*** Opening of RECORDS SUPPLIED ***

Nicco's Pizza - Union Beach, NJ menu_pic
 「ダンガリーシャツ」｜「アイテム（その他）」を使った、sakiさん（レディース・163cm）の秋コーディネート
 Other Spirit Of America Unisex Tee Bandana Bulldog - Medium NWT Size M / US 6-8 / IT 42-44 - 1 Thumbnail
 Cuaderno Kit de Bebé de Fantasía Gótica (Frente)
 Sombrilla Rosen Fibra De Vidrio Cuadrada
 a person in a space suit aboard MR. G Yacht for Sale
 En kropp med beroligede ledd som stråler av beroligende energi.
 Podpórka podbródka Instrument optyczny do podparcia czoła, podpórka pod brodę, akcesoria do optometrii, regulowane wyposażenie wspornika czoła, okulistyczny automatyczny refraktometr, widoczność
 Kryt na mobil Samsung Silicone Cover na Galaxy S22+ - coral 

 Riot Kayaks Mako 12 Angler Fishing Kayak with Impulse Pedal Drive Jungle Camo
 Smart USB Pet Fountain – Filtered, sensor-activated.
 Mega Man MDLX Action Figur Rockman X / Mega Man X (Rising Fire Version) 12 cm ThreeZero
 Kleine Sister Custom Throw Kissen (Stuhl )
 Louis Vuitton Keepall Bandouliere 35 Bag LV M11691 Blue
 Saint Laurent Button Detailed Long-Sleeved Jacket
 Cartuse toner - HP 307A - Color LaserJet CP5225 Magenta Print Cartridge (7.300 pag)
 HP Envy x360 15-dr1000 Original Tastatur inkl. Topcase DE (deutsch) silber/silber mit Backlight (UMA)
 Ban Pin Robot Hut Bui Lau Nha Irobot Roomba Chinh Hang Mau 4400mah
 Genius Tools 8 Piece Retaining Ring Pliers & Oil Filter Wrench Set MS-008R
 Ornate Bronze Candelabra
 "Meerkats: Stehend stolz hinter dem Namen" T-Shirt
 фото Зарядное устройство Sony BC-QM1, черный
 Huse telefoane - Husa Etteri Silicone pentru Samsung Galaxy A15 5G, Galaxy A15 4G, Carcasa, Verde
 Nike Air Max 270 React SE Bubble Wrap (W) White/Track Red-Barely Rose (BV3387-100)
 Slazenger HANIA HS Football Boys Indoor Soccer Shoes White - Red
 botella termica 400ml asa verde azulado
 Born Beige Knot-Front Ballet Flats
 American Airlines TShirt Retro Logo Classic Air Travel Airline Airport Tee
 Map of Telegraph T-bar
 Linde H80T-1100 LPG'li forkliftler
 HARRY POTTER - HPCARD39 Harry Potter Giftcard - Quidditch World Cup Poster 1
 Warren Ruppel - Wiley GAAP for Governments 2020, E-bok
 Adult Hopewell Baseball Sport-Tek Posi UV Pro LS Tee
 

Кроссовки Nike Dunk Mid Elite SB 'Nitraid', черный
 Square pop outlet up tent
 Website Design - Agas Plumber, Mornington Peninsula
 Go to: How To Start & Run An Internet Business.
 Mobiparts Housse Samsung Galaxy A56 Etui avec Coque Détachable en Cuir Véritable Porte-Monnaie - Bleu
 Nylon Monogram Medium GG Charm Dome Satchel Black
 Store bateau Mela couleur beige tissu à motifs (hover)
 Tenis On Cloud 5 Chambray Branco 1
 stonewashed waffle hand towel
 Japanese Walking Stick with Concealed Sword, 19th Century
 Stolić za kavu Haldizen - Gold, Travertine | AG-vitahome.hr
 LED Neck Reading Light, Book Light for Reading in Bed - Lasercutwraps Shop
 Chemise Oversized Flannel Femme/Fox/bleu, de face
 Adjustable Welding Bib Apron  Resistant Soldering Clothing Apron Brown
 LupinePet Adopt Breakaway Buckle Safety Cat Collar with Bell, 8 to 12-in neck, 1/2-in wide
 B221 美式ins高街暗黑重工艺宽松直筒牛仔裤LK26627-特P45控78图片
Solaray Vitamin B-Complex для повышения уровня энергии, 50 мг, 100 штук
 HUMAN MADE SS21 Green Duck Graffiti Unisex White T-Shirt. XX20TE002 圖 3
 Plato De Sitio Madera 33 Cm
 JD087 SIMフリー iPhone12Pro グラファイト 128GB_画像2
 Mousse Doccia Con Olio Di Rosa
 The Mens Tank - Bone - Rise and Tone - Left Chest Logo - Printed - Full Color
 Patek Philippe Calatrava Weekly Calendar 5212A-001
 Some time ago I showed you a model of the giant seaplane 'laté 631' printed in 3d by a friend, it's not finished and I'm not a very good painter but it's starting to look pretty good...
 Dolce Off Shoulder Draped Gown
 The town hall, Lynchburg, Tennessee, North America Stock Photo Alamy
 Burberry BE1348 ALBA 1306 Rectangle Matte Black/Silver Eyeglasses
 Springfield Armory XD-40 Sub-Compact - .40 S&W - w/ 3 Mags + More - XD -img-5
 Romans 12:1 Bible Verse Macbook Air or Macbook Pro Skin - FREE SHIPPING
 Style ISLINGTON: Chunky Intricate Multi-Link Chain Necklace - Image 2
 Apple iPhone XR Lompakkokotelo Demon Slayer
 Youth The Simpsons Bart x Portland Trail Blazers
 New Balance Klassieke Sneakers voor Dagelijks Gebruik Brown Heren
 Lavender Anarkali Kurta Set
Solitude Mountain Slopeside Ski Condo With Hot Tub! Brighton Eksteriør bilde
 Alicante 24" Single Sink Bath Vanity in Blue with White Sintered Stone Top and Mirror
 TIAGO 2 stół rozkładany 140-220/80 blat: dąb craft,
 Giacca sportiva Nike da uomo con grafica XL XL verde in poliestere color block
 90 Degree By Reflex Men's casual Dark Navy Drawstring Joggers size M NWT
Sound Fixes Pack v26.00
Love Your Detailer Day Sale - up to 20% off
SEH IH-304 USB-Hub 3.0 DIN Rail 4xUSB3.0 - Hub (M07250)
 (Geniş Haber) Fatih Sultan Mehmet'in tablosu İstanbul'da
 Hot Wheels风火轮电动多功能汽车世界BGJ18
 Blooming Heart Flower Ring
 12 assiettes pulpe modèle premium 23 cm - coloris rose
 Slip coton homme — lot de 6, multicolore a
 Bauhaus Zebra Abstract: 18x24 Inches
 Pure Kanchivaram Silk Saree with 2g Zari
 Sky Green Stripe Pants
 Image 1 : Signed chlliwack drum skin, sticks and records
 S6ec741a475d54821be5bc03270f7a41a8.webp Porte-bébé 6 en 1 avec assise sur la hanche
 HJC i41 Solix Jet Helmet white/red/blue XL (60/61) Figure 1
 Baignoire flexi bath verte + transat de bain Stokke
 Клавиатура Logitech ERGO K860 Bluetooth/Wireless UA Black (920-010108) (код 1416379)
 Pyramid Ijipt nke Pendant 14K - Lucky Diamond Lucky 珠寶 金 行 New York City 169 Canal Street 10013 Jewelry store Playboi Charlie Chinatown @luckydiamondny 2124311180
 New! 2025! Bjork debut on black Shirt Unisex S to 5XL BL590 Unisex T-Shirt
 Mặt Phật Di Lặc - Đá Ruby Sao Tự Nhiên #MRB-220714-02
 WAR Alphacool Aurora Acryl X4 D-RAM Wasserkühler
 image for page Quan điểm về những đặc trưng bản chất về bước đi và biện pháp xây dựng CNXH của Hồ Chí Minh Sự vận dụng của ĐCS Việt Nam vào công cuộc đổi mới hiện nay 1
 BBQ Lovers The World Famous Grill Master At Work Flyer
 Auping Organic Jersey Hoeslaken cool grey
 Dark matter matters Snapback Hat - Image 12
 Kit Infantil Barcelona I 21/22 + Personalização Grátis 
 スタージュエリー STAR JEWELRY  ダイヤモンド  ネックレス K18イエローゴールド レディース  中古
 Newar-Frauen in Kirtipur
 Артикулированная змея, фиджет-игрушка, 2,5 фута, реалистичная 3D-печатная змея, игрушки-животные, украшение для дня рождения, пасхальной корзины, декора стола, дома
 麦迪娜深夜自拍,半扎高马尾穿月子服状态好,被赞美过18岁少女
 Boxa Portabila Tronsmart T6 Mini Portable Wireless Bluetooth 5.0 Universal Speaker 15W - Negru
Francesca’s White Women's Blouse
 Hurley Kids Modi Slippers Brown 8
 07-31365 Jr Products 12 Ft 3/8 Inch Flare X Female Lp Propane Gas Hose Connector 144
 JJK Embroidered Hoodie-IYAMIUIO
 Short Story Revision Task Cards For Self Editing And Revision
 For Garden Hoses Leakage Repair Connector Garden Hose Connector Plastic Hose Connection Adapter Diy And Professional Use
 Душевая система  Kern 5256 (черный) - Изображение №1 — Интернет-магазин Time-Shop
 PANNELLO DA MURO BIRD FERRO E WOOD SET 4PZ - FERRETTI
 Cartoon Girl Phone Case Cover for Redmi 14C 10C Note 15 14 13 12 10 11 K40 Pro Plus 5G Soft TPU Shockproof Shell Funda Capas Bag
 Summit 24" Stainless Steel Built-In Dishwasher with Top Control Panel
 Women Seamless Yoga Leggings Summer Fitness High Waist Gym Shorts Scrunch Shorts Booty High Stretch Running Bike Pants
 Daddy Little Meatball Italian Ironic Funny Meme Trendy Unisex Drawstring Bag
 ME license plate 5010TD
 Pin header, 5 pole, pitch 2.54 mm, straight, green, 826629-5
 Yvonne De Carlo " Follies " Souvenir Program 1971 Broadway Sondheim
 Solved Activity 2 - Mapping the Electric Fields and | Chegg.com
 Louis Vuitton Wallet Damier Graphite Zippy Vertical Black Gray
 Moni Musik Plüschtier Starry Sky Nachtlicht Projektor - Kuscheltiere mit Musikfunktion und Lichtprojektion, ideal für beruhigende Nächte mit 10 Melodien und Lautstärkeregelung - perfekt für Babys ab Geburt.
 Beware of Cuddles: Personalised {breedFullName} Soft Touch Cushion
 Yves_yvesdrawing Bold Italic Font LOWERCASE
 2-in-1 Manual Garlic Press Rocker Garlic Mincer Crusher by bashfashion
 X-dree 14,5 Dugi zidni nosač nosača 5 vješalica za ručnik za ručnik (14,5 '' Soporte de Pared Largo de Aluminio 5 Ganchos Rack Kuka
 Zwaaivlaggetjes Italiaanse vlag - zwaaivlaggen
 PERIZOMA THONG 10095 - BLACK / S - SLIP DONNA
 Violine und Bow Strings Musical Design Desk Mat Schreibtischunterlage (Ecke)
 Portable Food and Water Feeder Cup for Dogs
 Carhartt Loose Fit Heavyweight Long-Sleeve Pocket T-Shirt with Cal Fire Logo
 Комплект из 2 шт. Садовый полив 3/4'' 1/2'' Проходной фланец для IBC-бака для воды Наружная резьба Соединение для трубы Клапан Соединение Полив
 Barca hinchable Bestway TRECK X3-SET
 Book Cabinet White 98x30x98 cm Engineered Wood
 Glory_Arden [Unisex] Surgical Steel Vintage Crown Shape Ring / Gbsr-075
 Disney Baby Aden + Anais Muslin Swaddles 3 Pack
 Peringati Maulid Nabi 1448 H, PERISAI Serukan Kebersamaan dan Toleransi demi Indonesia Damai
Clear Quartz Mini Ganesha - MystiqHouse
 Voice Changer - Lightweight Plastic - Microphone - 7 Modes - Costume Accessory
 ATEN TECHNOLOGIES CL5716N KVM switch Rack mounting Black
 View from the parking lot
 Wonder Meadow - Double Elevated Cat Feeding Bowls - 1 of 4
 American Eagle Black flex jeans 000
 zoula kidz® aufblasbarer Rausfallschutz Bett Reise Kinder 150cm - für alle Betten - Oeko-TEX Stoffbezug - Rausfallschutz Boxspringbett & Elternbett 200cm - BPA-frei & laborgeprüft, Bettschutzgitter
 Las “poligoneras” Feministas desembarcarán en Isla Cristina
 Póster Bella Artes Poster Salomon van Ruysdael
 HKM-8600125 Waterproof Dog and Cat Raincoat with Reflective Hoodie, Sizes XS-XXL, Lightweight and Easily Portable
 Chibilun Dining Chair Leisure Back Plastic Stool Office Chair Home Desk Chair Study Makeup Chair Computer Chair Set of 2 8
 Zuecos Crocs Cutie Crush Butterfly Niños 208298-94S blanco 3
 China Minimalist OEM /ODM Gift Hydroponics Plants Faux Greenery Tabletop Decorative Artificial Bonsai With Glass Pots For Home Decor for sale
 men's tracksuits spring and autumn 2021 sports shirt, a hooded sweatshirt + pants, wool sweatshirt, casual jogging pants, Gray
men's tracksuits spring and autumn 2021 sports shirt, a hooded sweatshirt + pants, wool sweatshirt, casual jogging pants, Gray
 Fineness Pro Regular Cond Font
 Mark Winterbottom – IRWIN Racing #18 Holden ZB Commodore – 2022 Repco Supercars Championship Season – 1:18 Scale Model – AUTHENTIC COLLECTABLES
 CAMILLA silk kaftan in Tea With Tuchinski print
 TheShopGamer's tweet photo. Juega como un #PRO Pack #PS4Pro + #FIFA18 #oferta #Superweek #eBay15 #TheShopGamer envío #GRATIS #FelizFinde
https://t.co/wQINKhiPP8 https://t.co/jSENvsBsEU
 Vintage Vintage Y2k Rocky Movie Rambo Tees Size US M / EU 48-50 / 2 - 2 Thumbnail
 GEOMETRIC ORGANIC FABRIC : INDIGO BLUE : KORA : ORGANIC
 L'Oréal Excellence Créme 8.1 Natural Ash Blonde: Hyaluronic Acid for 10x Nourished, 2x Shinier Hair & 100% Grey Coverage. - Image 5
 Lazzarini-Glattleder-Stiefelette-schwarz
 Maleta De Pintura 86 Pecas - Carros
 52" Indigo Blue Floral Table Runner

*** Close of RECORDS SUPPLIED ***

• REQUIRED WORK: From the first line of the listing above through the line that contains "Kleine Sister Custom Throw Kissen (Stuhl )", retype every line exactly, and write nothing else.

• ANSWER TO THE EXERCISE:
Nicco's Pizza - Union Beach, NJ menu_pic
 「ダンガリーシャツ」｜「アイテム（その他）」を使った、sakiさん（レディース・163cm）の秋コーディネート
 Other Spirit Of America Unisex Tee Bandana Bulldog - Medium NWT Size M / US 6-8 / IT 42-44 - 1 Thumbnail
 Cuaderno Kit de Bebé de Fantasía Gótica (Frente)
 Sombrilla Rosen Fibra De Vidrio Cuadrada
 a person in a space suit aboard MR. G Yacht for Sale
 En kropp med beroligede ledd som stråler av beroligende energi.
 Podpórka podbródka Instrument optyczny do podparcia czoła, podpórka pod brodę, akcesoria do optometrii, regulowane wyposażenie wspornika czoła, okulistyczny automatyczny refraktometr, widoczność
 Kryt na mobil Samsung Silicone Cover na Galaxy S22+ - coral 

 Riot Kayaks Mako 12 Angler Fishing Kayak with Impulse Pedal Drive Jungle Camo
 Smart USB Pet Fountain – Filtered, sensor-activated.
 Mega Man MDLX Action Figur Rockman X / Mega Man X (Rising Fire Version) 12 cm ThreeZero
 Kleine Sister Custom Throw Kissen (Stuhl )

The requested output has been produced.